Ultimately we decided to use scikit-learn's Naive bayes to detect the cyber attacks. Naive bayes is based on applying Bayes' theorem.
CAD will compose of four major components.
-
Preprocessor - In charge of formatting the log files into serializable objects that can be easily understood by the classifier.
-
Classifier - Identify and mark all objects that categorize as DOS, R2L, U2R and Probing attacks.
-
S3 - AWS S3 will be used to the store the marked and identified server logs.
-
User Interface - Provide the user the ability to the view the marked file.
-
Properly pre-process the log data.
-
Successfully implement detection of DOS.
-
Successfully implement detection of R2L.
-
Successfully implement detection of U2R.
-
Successfully implement detection of Probing Attacks.
-
Create a user interface that allows users to provide a log and returns a classified log.

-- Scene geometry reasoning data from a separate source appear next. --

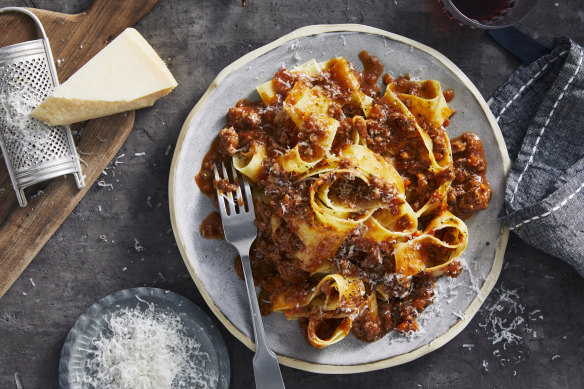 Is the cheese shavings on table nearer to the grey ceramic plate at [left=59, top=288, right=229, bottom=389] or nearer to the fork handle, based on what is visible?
the grey ceramic plate at [left=59, top=288, right=229, bottom=389]

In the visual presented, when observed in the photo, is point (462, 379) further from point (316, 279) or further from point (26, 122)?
point (26, 122)

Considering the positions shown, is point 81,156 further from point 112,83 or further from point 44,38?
point 44,38

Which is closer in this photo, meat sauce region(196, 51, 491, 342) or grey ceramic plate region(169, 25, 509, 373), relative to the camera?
meat sauce region(196, 51, 491, 342)

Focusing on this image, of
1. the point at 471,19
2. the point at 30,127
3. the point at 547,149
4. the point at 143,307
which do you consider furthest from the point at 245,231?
the point at 547,149

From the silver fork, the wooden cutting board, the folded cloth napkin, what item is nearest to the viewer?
the silver fork

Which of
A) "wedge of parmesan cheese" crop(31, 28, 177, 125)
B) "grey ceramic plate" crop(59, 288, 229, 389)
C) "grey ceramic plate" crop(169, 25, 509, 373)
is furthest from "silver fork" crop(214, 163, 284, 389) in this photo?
"wedge of parmesan cheese" crop(31, 28, 177, 125)

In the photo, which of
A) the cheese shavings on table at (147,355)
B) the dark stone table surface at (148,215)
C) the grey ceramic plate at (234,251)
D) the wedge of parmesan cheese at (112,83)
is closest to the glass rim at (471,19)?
the grey ceramic plate at (234,251) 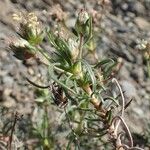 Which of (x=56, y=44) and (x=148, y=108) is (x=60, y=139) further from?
(x=56, y=44)

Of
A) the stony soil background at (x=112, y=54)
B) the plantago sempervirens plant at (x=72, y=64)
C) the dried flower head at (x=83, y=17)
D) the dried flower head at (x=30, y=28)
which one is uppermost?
the stony soil background at (x=112, y=54)

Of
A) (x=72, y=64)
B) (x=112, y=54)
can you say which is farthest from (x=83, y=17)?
(x=112, y=54)

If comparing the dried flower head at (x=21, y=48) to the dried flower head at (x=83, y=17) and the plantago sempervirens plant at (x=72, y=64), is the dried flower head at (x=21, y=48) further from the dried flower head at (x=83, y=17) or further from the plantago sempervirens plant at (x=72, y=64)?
the dried flower head at (x=83, y=17)

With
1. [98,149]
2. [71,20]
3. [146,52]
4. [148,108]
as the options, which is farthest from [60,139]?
[71,20]

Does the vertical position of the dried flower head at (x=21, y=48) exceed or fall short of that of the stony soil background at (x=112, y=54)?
it falls short

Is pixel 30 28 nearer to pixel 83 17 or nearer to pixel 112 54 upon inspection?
pixel 83 17

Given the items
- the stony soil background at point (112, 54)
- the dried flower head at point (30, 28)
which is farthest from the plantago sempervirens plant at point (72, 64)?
the stony soil background at point (112, 54)

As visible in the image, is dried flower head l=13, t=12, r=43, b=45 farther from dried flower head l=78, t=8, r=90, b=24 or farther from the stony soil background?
the stony soil background

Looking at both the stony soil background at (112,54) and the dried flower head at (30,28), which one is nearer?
the dried flower head at (30,28)

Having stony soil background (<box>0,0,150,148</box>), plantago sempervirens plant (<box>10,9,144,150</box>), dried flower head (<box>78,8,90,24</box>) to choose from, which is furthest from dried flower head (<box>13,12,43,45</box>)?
stony soil background (<box>0,0,150,148</box>) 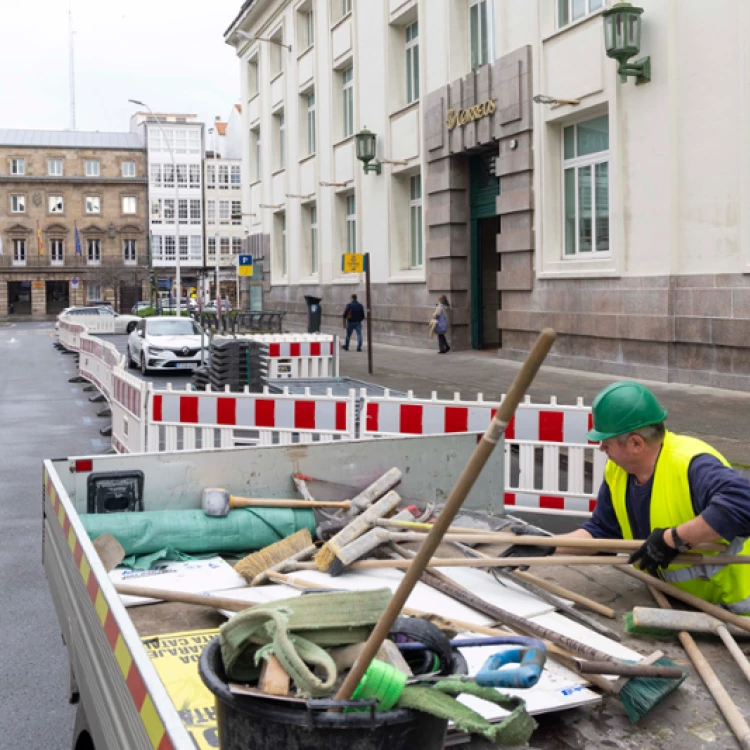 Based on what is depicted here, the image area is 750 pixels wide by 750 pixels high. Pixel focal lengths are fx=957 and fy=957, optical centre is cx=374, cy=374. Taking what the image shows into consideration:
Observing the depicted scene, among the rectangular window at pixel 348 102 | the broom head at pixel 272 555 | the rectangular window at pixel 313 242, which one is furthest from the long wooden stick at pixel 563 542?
the rectangular window at pixel 313 242

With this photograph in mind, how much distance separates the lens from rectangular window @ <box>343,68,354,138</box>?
30.3m

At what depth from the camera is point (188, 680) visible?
2.98m

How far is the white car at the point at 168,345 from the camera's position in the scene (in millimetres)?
22281

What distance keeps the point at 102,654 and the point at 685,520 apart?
7.42ft

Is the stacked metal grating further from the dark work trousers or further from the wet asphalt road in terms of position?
the dark work trousers

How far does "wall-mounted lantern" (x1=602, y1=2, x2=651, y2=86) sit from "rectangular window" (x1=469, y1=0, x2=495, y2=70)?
5977 mm

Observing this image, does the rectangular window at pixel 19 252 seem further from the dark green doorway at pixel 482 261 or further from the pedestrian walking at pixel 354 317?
the dark green doorway at pixel 482 261

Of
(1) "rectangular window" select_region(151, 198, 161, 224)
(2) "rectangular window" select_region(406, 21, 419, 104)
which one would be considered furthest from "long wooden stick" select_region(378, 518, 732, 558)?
(1) "rectangular window" select_region(151, 198, 161, 224)

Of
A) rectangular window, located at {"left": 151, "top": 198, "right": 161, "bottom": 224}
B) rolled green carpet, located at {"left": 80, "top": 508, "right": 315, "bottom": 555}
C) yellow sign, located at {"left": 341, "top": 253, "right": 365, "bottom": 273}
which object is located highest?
rectangular window, located at {"left": 151, "top": 198, "right": 161, "bottom": 224}

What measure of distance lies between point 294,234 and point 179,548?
31.5 m

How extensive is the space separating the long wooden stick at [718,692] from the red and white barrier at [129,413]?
6454 mm

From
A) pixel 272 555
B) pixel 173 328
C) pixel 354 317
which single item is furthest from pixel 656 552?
pixel 354 317

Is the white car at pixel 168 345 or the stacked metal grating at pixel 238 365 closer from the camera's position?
the stacked metal grating at pixel 238 365

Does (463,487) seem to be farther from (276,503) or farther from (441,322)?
(441,322) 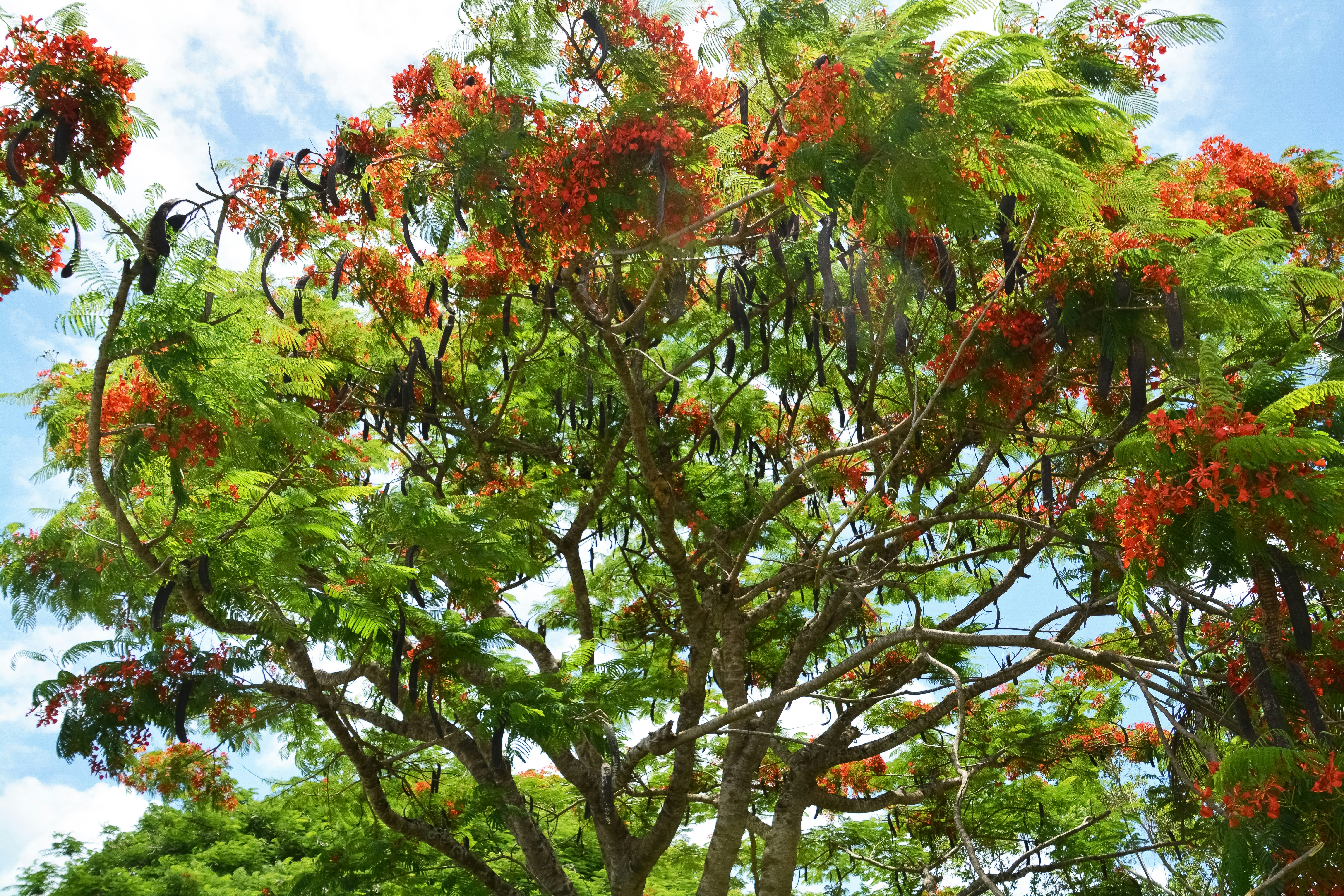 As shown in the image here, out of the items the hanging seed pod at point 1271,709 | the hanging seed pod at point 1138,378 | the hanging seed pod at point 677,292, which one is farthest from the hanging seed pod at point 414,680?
the hanging seed pod at point 1271,709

- Implement a neural network for either DOS, R2L, U2R or Probing Attacks.
-
CAD should be able to retrieve server logs from the local host.
-
CAD should be able to work with real time log data.
-
New technology - My team is not familiar with security and also the plethora of new concepts such as technologies, libraries, frameworks and working in a group. Neural networks is also a topic that is still being researched today and hasn't been taught at our instutition.
-
Not full time - We are students that aren't able to dedicate 40 hours / week for this project. Students will also have other obligations such as classes, jobs and etc. It is also expected that getting everyone up to speed on the topic and development process will cause a lot of time to be invested early on. It is expected that progress will be slow in the beginning.
-
Training Data - Unfortunately, we have not been provided with any training data. This will definitely delay and potentially create an inaccurate neural network. This also adds a lot more complexity and burden to the team, as we have to create our training data.